“Would you agree that incumbent protection is one of those?” Supreme Court Justice Samuel Alito asked Janai Nelson, president and director-counsel of the NAACP Legal Defense Fund, arguing in the congressional redistricting case Louisiana v. Callais.
One of what, you ask?
Alito was referring to the High Court’s 2023 ruling in Allen v. Milligan, where it declared: “A district will be considered reasonably configured if it comports with traditional districting criteria.”
Yes, Ms. Nelson acknowledged: “Incumbent protection has been considered a traditional districting criteria.”

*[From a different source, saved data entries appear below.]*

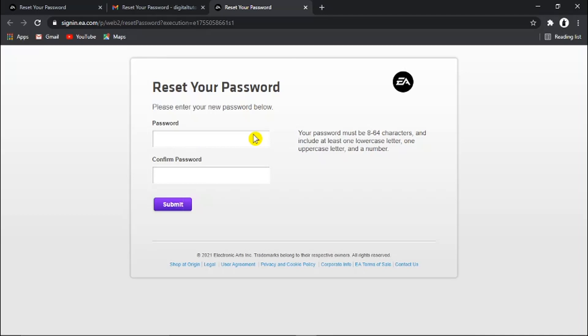I'm just gonna enter that in now. Just make sure as well that your password is between 8 and 64 characters and it needs to include at least one lowercase letter, one uppercase letter, and a number.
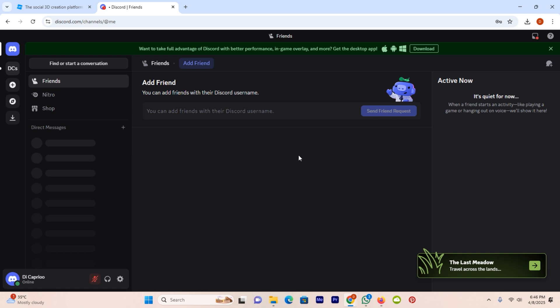You will see multiple options. From these, just click on the option add a server.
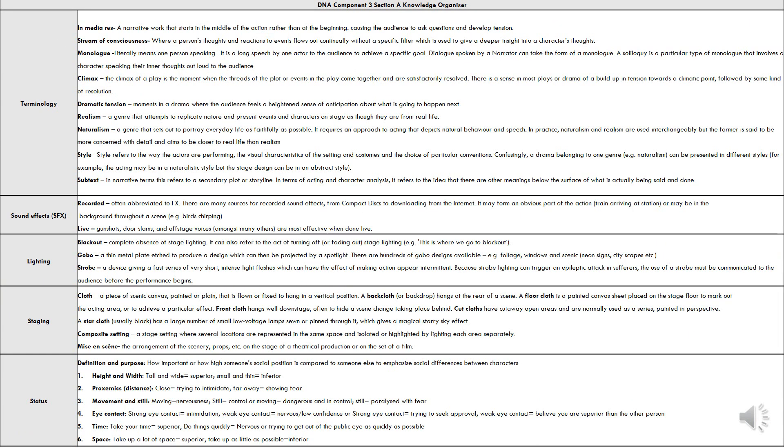Terminology includes in medias res, stream of consciousness, monologue, climax, dramatic tension, realism, naturalism, style, and subtext.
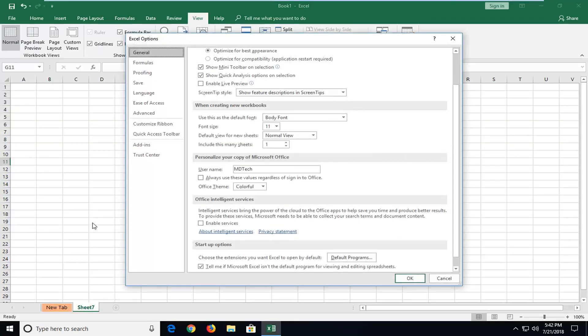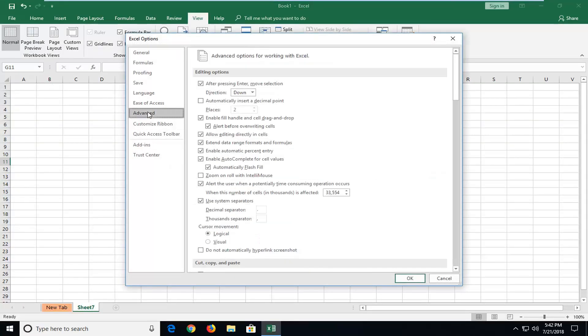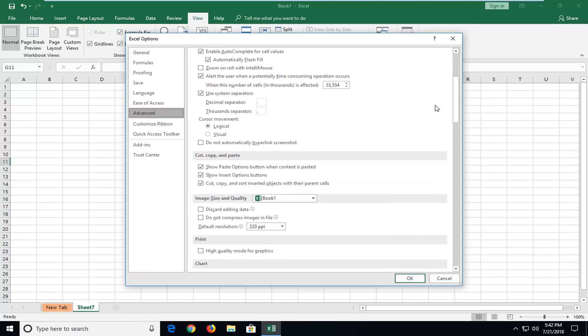On the left side here, you want to left-click on Advanced. And now that you're over on Advanced, you want to scroll down until you get to the General Settings.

That whopper stood out from the rest of the debate. While it certainly wasn’t the focus of this redistricting case heard by the Supremes on Wednesday, in this political Twilight Zone in which we reside — this crepuscular nightmare — let me submit for your consideration that we have just identified a rather large thumb placed on our electoral scales.
The aim of elections is not to guarantee any particular outcome. Yet, protecting incumbents means seeking a very, very particular outcome.
Elections should make sure that — above all else — the voting public shapes the government.
Definitely not that the government shapes the public.
By drawing fancy lines for districts.
The founders worried most about monarchy and anarchy, kings and chaos. But they realized that three classes were especially dangerous in republics: secure government workers (“job holders”; bureaucrats), factions (partisans; special interests) and protected politicians (incumbents). To hear, from the highest court in the land, that the regular practice of creating and revising legislative districts routinely “and of course” protects incumbents can only lead to one conclusion:
Redistricting needs a full-scale, fundamental change.
This is Common Sense. I’m Paul Jacob.